I’d felt so tempted. Had I but given in to my impulse, how much suffering might have been avoided! Instead I’d believed T
yrus would never be at peace if we ran from the responsibility. I believed it would be the best thing for him if we returned to the Chrysanthemum to face Pasus.
I’d chosen wrong. In some parallel universe, we were still together right now, caught in the pull of the black hole. In that other timeline, there was no Venalox, no keying into the scepter. No confrontation in the ball dome, no sword through my breast. Only an Empire we’d abandoned to its fate, and the two of us, happy and hopeful together, eternally in love.
Stop.
“I asked him to ban Servitors,” I told Neveni.
Neveni sent the answer over the radio. My attention shifted to the auroras dancing on the surface of the planetoid below. Our radio transmissions were being sent there, reinterpreted by those lights, relayed onward. Such an elaborate system of communication to bridge the distance between us.
“I thank you,” said Tyrus at last. “For assuring me she is alive—and revealing that she’s onboard the Arbiter with you.”
Neveni cursed. Our eyes met, and I shook my head—let it go—the only consolation I could offer. It was the speed of her reply to him that had exposed my location. Had I been onboard another Partisan vessel, they would have needed to use their light system to pass my answer along to Neveni, causing a delay of several more seconds.
Tyrus continued. “Your holographics made your terms explicitly clear, Sagnau: I offer you my death to prevent hers. But I have no reason to believe she’ll be alive after my blood has been shed.”

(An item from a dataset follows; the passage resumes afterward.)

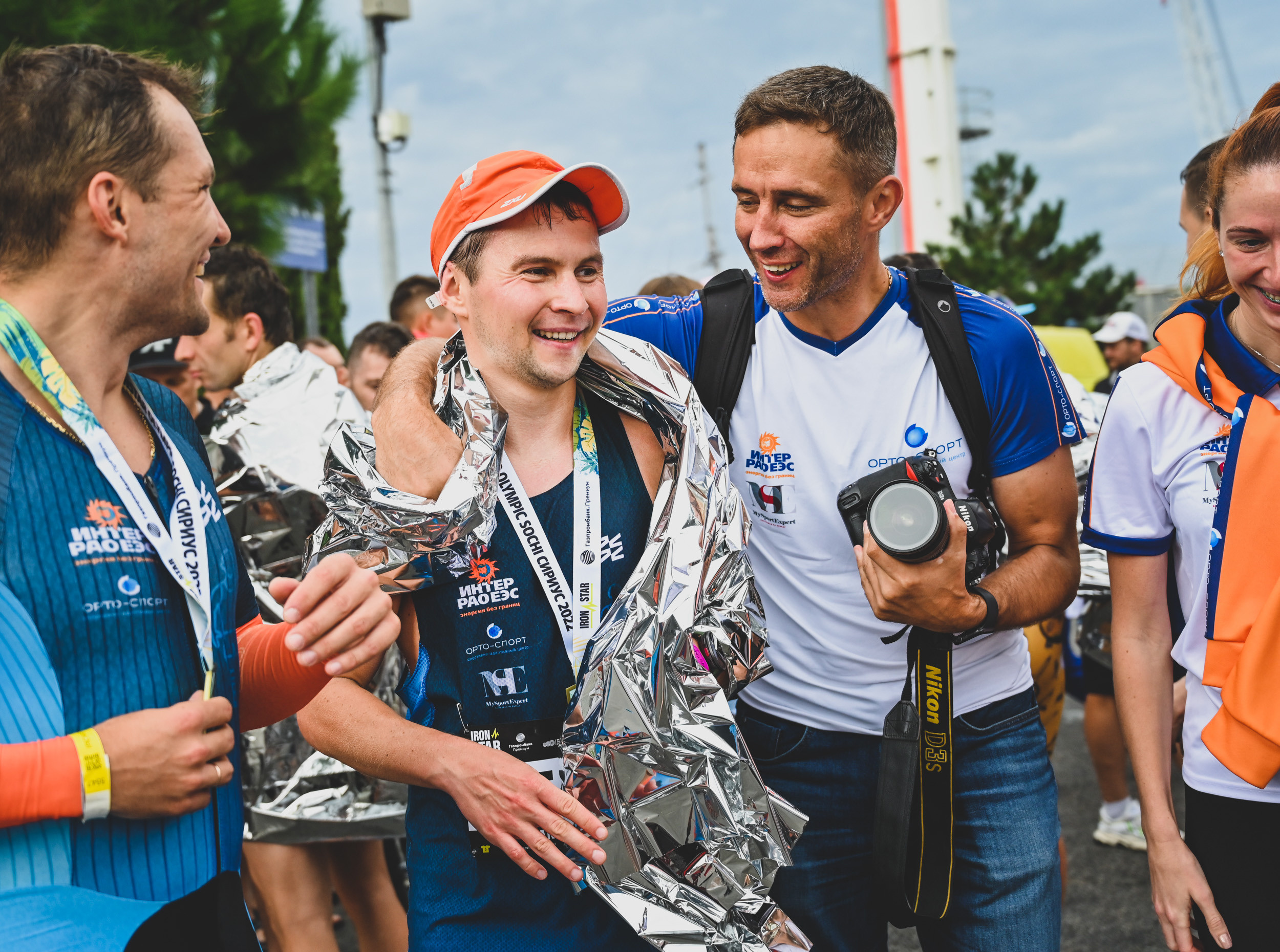 Команда «Орто-Спорт» ДЕНЬ IRONSTAR SPRINT & OLYMPIC SOCHI СИРИУС. Фотографирую счастливых людей в Сочи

“You’ll just have to trust me,” Neveni said venomously.
A delay as the signal reached him, and then his reply: “As Nemesis trusted you before you betrayed her? I’ll make no such mistake. I’ve already erred in tolerating the existence of the Partisans.”
Neveni gave an incredulous laugh, one that would not reach him in time to interrupt.
“You did serve a useful function, for a time.” The new malice in Tyrus’s voice put me on edge, had me instinctively shifting my weight in preparation for attack. “The Partisan assaults on your fellow Excess were a large part of why my family stayed in power.”